Today’s guest post is by Heather Johnson. Heather is a freelance business, finance and economics writer, as well as a regular contributor at Business Credit Cards, a site for business credit cards and best business credit card offers. Heather welcomes comments and freelancing job inquiries at her email address firstname.lastname@example.org
If you are planning on going freelance, starting your own company or investing in any other kind of business opportunity without help, you may be feeling apprehensive… and rightly so. There is no such thing as a risk-free moneymaking opportunity, so a little fear is healthy. However, you will never gain anything without sticking your neck out, so it’s best you face your fears head on and plan accordingly.
Below are the top five worst-case scenarios for solo entrepreneurs:
- Your Business Flops – You may find that a business just completely dies right out of the starting gates. Of course, that doesn’t mean you should give up immediately. Depending on your situation, a lackluster beginning could indicate that a) you need an overhaul in your business plan or b) this isn’t going to work out and you need to cut your losses.
- You Are Sued – Your newfound entrepreneurship could be doing gangbusters, but that success can be easily threatened when someone gets litigious. Be sure to cover your bases on the business end of things before this happens. In other words, you need access to both a trusted attorney and accountant.
- You Lose a Major Client – Some businesses draw a majority of their income from one or two major clients. Having your eggs in one basket could be a dangerous thing for an entrepreneur, so be sure that you keep your clients happy and that you have a plan in case they ever decide to end your working relationship.

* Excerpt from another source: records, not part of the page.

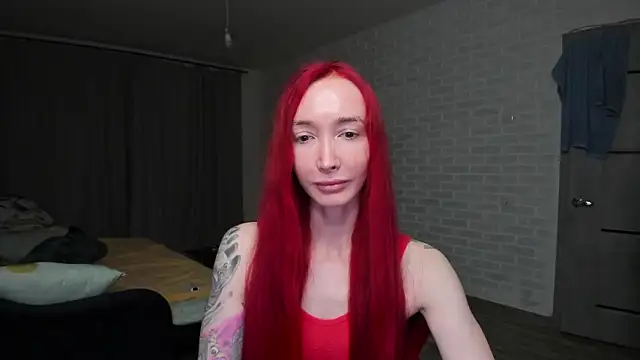 Roxy Silver online show from February 9, 1:47 am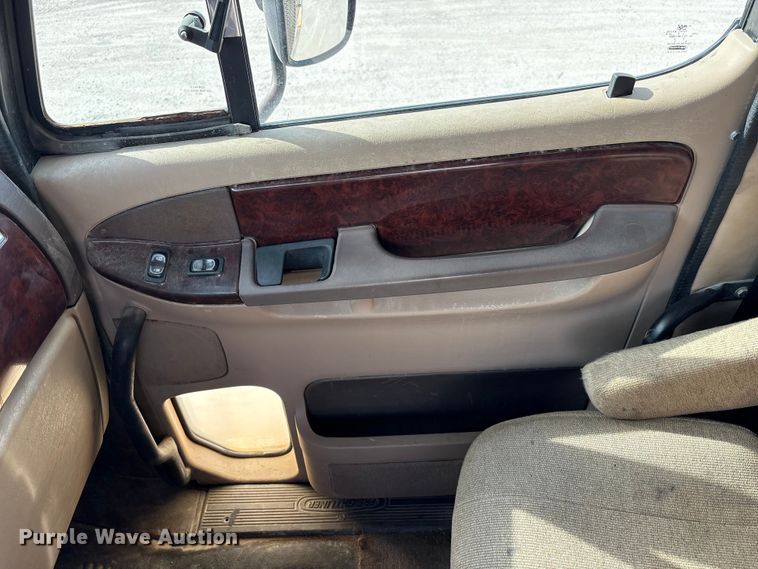 image for item FK1293 2006 Freightliner Coronado semi truck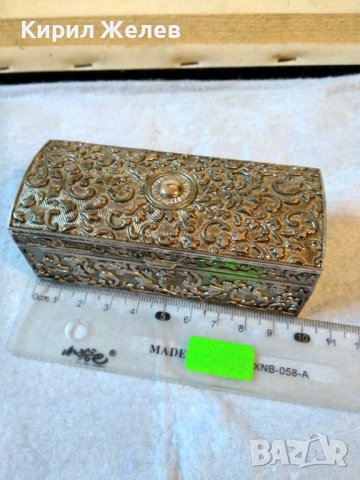 СТАРА ПОСРЕБРЕНА БОГАТО ТРАДИЦИОННО ОРНАМЕНТИРАНА БРОНЗОВА РЕТРО КУТИЙКА за БИЖУТА с ПЛЮШ 32244 
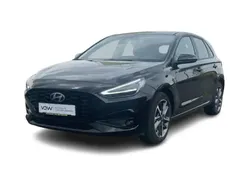 Schwarz Gebraucht 2024 Hyundai i30 Advantage Limousine | 22.990 € (Fairer Preis)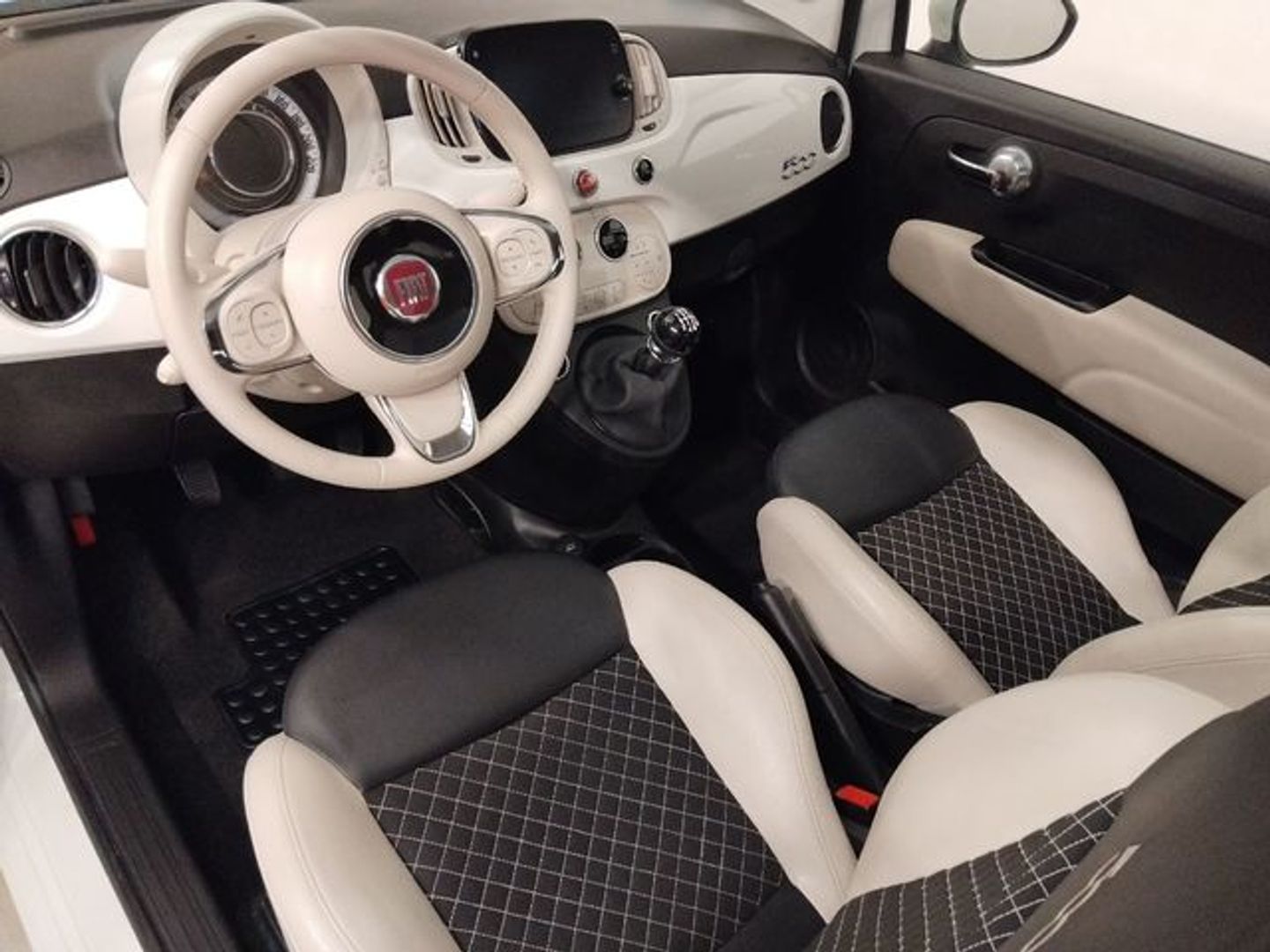 Fiat 500 1.0 Hybrid Dolcevita 51 kW (70 CV)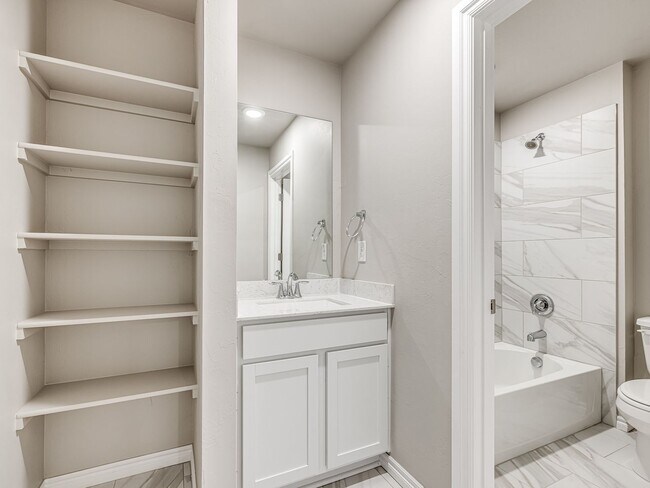 Building Photo - 14500 Travertine Fls Ln
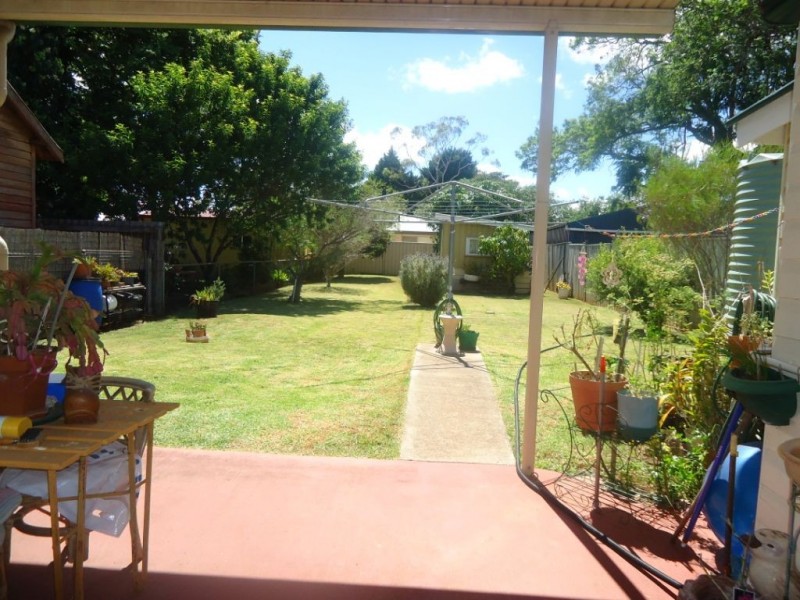 20 Clairmont Street, Newtown QLD 4350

- You Incur Massive Amounts of Debt – Everyone has debt, but a business owner can really rack up the balance when operating a startup. Don’t rely on credit cards and don’t get involved with business loans you can’t handle.
- You Go Bankrupt – Ouch. That could be the worst possible scenario for anyone, not just those who are starting their own business venture. As I mentioned above, however, you need to make sure you don’t get in way over your head with loans and debt.
What is the best defense against these worst-case scenarios? A shrewd business sense and a practical business plan. It takes a certain type of rebel to venture on your own, but don’t be foolhardy about it. Treat your business like a business, remain honest and don’t take on more than you can handle. That way, even a substantial bump in the road can be one you will take in stride.